El Cid, Luis Miguel Vázquez y Carlos Aranda, por la Puerta Grande en Daimiel
La plaza de toros de Daimiel vivió una tarde histórica en la que El Cid, Luis Miguel Vázquez y Carlos Aranda salieron a hombros tras protagonizar un festejo marcado por la emoción, el triunfo y el profundo sentimiento de una afición entregada.

Ana Teresa Ramos
Redactor

Ficha del Festejo
PlazaPlaza de toros de Daimel
GanaderíaJulio de la Puerta
FestejoJulio de la Puerta ofreció en Daimiel una corrida bien presentada, con presencia, casta y movilidad. Aunque el comportamiento fue desigual, en conjunto resultó positivo y permitió el lucimiento de la terna.
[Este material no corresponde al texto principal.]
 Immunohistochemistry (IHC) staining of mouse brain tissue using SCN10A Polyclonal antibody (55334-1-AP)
Destacaron especialmente ‘Marinero’, nº 38, y ‘Presumido’, nº 66, ambos premiados con la vuelta al ruedo. Una corrida de juego aprovechable y balance ganadero satisfactorio, clave en una tarde de ocho orejas.
El Cid
oreja y dos orejas.
Luis Miguel Vázquez
oreja y dos orejas.
Carlos Aranda
Ovación y dos orejas.
Una tarde para recordar en Daimiel.
Había expectación, pero la realidad superó las previsiones. Daimiel vivió este viernes una de esas tardes que permanecen en la memoria de una afición. La corrida de Feria reunió en el ruedo a Manuel Jesús ‘El Cid’ y a los toreros locales Luis Miguel Vázquez y Carlos Aranda, en un cartel especialmente emotivo por reunir por primera vez a los dos matadores daimieleños en la plaza de su pueblo.
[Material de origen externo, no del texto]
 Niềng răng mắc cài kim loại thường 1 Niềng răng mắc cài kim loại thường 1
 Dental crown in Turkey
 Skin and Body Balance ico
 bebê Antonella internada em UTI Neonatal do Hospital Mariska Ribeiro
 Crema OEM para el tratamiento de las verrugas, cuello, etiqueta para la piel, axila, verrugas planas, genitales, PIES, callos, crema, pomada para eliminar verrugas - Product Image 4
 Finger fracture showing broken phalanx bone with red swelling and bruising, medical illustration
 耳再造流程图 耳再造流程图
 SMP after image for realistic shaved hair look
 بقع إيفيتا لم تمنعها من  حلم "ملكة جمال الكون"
Con toros de Julio de la Puerta, la tarde fue creciendo en intensidad hasta desembocar en un triunfo rotundo. El Cid mostró su oficio y veteranía y consiguió una oreja de su primero y dos del cuarto, firmando una actuación que terminó con el reconocimiento de los tendidos.
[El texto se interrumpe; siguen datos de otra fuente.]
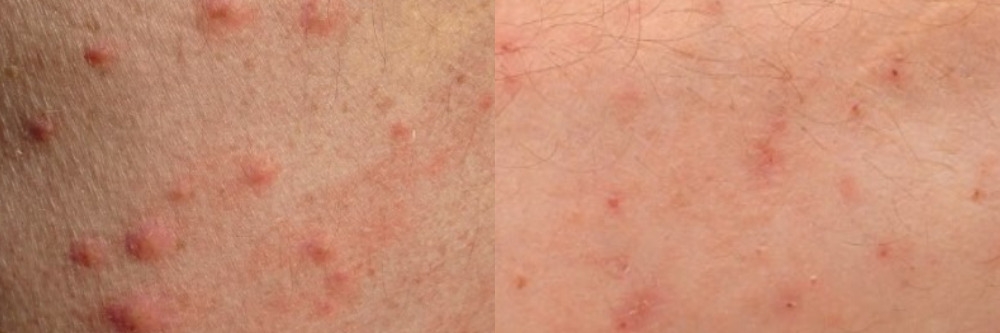 Bed Bug and Dust Mite Bite
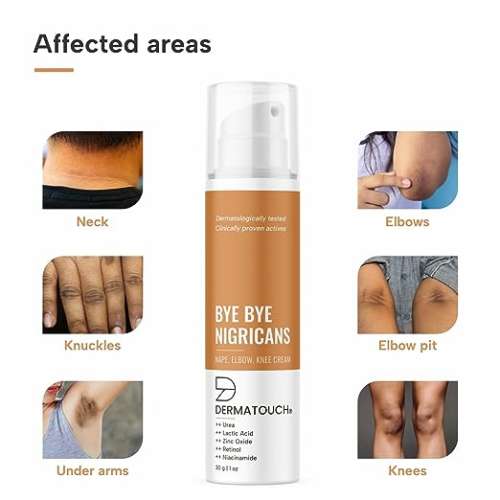 Dermatouch: Bye Bye Nigricans Cream - 30gm
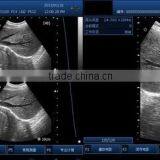 Best Price Pocket Ultrasonic Diagnostic Wireless Ultrasound Probe 10 Years Export Experience Supplier -WBU01 thumbnail-6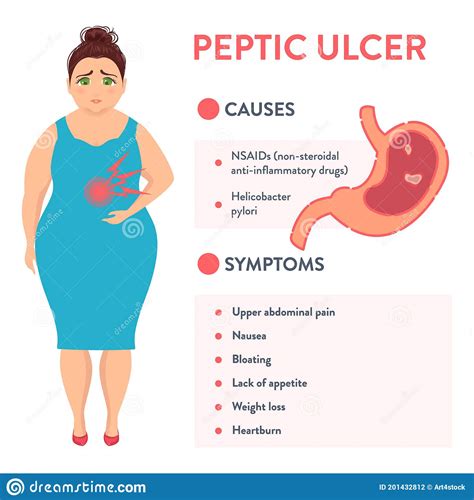 Causes And Symptoms Of Peptic Ulcer Stomach Disease Stock Illustration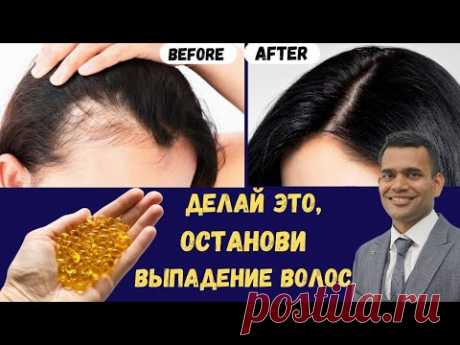 Предотвратите Выпадение Волос И Отрастите Волосы | Доктор Вивек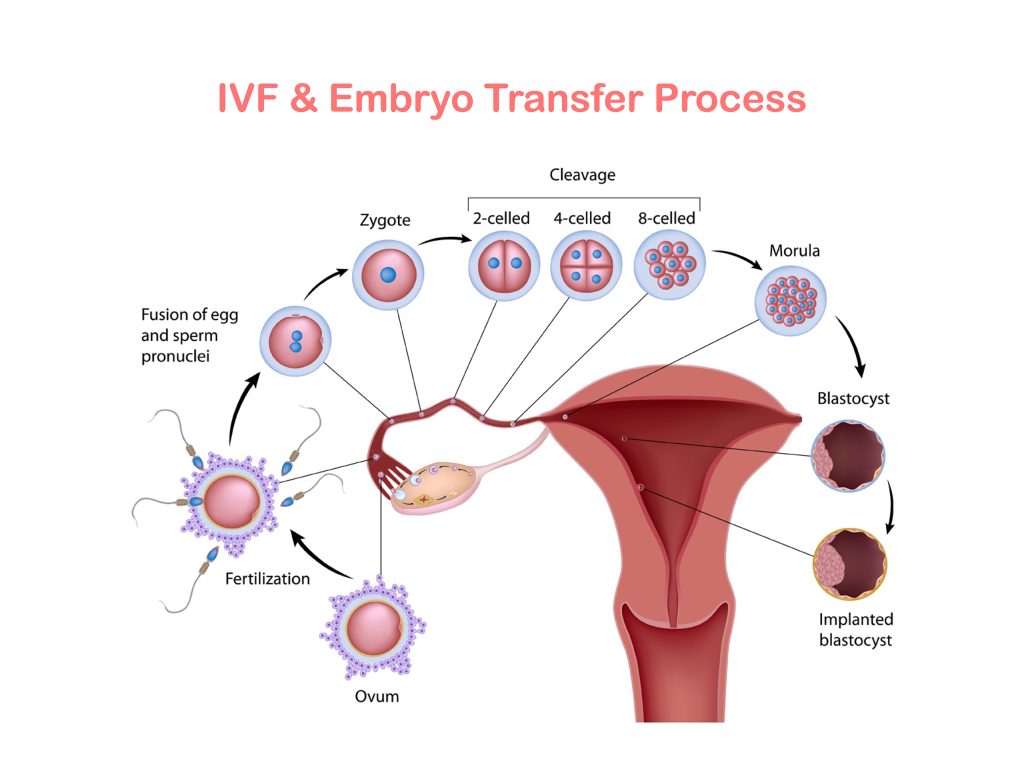 العقم عند النساء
Pero si había una tarde señalada en rojo en el calendario era la de Luis Miguel Vázquez y Carlos Aranda. Torear en casa siempre tiene un significado especial y ambos respondieron a la responsabilidad con entrega.
Vázquez consiguió una oreja de su primero y volvió a imponerse en el quinto, del que obtuvo dos orejas, completando una actuación de peso ante sus paisanos. El quinto toro, ‘Marinero’, número 38, recibió además el reconocimiento de la afición con la vuelta al ruedo.
Carlos Aranda tuvo que esperar hasta el sexto para redondear su tarde. Después de un tercer toro en el que no encontró el premio esperado, salió decidido a por todas en el último de la corrida. Lo recibió a portagayola y construyó una faena cargada de entrega y emoción que terminó con dos orejas. El sexto, ‘Presumido’, número 66, también fue premiado con la vuelta al ruedo.
El resultado final no deja lugar a dudas: ocho orejas, una tarde triunfal y los tres matadores abandonando la plaza a hombros. Un broche perfecto para una corrida que, además de lo estrictamente taurino, tuvo un marcado carácter sentimental.
La jornada estaba concebida como un homenaje a Emilio García ‘El Lince’, uno de los nombres históricos del toreo daimieleño. De esta manera, la plaza reunió pasado y presente de la tauromaquia local en una tarde que terminó convirtiéndose en una auténtica celebración de la afición de Daimiel.
Daimiel quería una tarde especial y la tuvo. Ocho orejas, dos toros premiados con la vuelta al ruedo y tres toreros a hombros. Una tarde de triunfo que difícilmente podía tener un final más redondo.